With the help of in vivo confocal microscopy, TK can be distinguished from other conditions. In herpes simplex virus infection cases, reduced nerve density or even no visible sub-basal plexus can be seen, whereas the epithelial cell density has no significant changes.22 Increased density of dendritic-like cells has been reported in patients with bacterial keratitis.23 Acanthamoeba keratitis is characterized by the cysts with a double-wall appearance.24 In the anterior stroma of the scarring cornea, there were hyperrective deposits, forming wide bands,25 which is easily differentiated from the diffuse snow-like pattern of deposits in the epithelium in TK. In vivo confocal microscopy in corneas affected by recurrent corneal erosion (RCE) mostly shows strange-shaper or diminished sub-basal nerves, and in a few cases, highly reflective basal epithelial cells with intracellular deposits (not scattered hyper-reflective dots of various sizes) in the basal epithelium and sub-basal microfolds and streaks.26

Some limitations of this study should be addressed.

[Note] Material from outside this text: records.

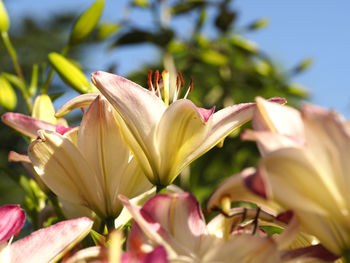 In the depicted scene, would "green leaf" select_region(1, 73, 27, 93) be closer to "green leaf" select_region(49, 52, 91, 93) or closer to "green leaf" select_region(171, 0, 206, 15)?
"green leaf" select_region(49, 52, 91, 93)

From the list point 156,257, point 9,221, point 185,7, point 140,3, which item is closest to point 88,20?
point 9,221

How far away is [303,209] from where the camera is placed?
0.26m

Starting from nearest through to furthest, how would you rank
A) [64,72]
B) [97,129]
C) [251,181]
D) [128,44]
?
1. [251,181]
2. [97,129]
3. [64,72]
4. [128,44]

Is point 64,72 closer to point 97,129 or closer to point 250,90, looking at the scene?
point 97,129

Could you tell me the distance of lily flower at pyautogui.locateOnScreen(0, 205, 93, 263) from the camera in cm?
33

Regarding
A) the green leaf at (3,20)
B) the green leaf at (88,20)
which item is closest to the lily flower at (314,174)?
the green leaf at (88,20)

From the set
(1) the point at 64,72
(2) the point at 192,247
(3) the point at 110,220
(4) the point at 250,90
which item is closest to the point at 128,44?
(4) the point at 250,90

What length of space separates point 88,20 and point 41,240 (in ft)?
1.47

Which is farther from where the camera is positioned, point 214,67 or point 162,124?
point 214,67

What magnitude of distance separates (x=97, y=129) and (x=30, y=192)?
29cm

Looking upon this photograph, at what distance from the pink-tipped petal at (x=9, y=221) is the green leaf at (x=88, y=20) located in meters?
0.42

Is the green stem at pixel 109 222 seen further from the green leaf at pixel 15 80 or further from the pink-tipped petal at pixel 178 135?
the green leaf at pixel 15 80

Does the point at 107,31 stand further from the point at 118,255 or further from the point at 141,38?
the point at 118,255

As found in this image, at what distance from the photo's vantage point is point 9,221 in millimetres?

First, the in vivo confocal microscopy measurements were taken at the fluorescein staining zone that was either in the center or the periphery of the cornea, despite the fact the two parts are inherently different in confocal functioning. However, this difference maybe minor relative to the differences between different diseases. Second, we had a small sample size of the TK group due to the increasing standardization of clinical application of eye drops in China in recent years; a larger sample size would allow for more definitive conclusions to be made.

In conclusion, SPK in TK patients was characterized with more widespread punctate staining, a lower density of superficial epithelial cells and sub-basal nerves when compared with DE, and a typical snow-like pattern of deposits in the epithelium by LSCM. LSCM might be a useful tool in differentiating the etiology of SPK, as well as the early diagnosis of TK.